** Try it **
In the records below, begin at the line containing "Sample Screens Fall Risk Screening Test" and end at the line containing "玻尿酸全臉填充術(shù)前"; quote every line in that span exactly, including both boundary lines, and no others.

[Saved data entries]
******************************

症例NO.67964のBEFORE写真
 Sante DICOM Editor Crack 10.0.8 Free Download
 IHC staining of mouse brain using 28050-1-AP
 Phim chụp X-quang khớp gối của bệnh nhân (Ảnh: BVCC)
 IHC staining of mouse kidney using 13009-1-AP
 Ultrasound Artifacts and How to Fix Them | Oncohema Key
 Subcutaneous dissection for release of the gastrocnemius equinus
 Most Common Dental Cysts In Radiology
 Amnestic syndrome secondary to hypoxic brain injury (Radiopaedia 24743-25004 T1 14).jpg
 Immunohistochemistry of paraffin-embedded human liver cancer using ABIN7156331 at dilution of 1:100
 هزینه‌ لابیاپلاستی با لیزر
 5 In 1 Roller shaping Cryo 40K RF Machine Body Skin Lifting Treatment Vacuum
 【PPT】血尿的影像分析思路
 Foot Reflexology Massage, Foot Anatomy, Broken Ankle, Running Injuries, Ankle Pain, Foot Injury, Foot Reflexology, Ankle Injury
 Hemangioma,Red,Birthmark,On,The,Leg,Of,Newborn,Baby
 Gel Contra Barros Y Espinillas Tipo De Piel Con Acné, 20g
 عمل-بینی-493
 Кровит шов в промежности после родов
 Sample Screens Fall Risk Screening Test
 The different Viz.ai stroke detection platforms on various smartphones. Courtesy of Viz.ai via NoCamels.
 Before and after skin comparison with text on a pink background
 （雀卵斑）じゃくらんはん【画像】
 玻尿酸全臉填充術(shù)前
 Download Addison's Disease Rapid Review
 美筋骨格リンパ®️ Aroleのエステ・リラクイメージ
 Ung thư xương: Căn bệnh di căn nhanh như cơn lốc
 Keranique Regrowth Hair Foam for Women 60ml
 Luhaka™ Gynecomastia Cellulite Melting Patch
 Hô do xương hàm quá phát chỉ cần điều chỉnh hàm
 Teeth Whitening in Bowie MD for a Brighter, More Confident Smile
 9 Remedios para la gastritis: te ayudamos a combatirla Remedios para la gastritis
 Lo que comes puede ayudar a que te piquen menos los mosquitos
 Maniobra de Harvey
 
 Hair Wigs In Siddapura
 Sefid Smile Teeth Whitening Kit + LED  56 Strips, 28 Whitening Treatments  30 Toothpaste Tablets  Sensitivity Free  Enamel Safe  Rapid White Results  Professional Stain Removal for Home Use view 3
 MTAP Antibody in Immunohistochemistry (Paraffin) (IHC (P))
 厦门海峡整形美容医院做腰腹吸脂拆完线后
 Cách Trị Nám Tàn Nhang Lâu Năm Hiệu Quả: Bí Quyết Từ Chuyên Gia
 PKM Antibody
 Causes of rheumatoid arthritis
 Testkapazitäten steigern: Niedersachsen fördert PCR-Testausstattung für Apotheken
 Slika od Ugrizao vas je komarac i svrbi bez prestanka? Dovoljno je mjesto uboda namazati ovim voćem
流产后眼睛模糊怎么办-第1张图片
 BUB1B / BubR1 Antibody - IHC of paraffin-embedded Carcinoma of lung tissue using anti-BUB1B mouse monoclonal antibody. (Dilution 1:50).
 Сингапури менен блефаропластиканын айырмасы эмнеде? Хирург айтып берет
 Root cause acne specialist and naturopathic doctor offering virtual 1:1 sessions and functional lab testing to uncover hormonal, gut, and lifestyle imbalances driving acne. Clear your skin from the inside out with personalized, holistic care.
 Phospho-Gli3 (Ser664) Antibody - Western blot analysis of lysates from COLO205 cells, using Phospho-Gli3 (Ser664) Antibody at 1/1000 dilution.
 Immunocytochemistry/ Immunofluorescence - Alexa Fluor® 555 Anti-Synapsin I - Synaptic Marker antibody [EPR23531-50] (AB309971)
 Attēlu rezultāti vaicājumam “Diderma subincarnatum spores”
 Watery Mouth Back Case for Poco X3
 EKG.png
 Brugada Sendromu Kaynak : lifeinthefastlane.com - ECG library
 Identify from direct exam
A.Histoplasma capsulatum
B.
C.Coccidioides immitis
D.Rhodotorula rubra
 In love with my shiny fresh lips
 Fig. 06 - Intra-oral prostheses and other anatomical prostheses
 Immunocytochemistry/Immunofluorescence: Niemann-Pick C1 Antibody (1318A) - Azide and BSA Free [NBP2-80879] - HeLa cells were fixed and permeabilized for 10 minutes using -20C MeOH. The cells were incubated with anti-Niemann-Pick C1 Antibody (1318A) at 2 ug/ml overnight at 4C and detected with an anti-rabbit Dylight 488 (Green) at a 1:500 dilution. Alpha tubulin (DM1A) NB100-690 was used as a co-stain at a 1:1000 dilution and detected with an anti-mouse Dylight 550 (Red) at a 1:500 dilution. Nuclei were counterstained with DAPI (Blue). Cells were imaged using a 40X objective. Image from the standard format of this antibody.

******************************

** Result below **
 Sample Screens Fall Risk Screening Test
 The different Viz.ai stroke detection platforms on various smartphones. Courtesy of Viz.ai via NoCamels.
 Before and after skin comparison with text on a pink background
 （雀卵斑）じゃくらんはん【画像】
 玻尿酸全臉填充術(shù)前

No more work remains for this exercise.